Lastrea glabra Brack.; Aspidium glabrum (Brack.) Mett.; A. glabrum var. ambiguum Hillebr.; A. glabrum var. quadripinnatum Hillebr.; Nephrodium glabrum (Brack.) Baker; N. rubiginosum (Brack.) Hook. var. nudicaule Hook.; Phegopteris dicksonioides Mett.
Common names: kilau, hohiu (P. & E.)
Endemic
Latin glabra, without hair, bald, in reference to the general lack of scales on this species.

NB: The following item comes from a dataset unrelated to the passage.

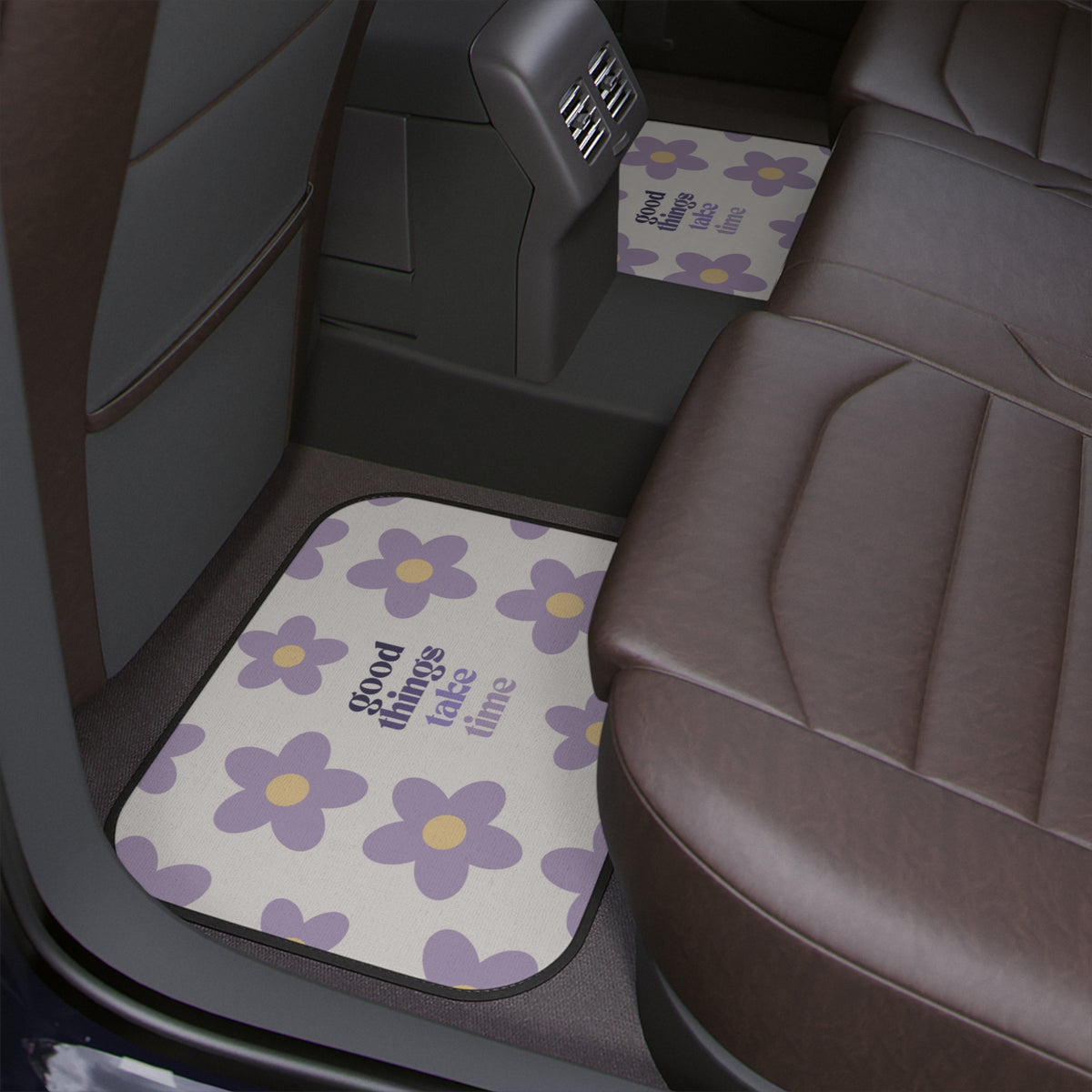 Boho Purple Car Floor Mats, Aesthetic Y2K Lilac Daisy Car Mat,Y2K Retro Car Accessories,Cute Car accessory for women,Cute Girly Car Decor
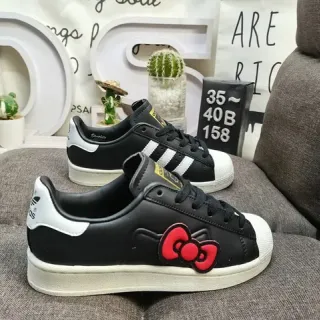 Adidas Superstar أسود أبيض أحمر بو أسلوب حياة أحذية رياضية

Plants medium-sized (rarely small), terrestrial. Rhizomes decumbent to erect, short-creeping, abundantly scaly. Fronds erect to spreading or pendent, up to 100 x 40 cm. Stipes not erect, arising at angle from rhizomes, chestnut brown to straw-colored, glabrous or scaly only at base, or stiffly erect. Blades 3-to 4-pinnate, in one plane (flat), sometimes 3-dimensional, ovate-deltate to tri-angular, 1-2.5 x longer than wide, light to dark green, glabrous above with scattered hairlike scales below, chartaceous, glandular to very glandular; rachises glabrous. Pinnae elongate-triangular, costae and veins with few to no fine scales. Pinnules elongate-oblong to linear-acuminate. Ultimate segments rounded to truncate, (1-)2.5-3.0 mm wide, separated, dentate margins sometimes more or less curved upward on living specimens. Veins free, mostly forked. Sori submarginal to marginal, usually in or near sinuses between 2 lobes of ultimate segments, mostly less than 1 mm diam. Indusia present, round, some-times difficult to find on older dried specimens.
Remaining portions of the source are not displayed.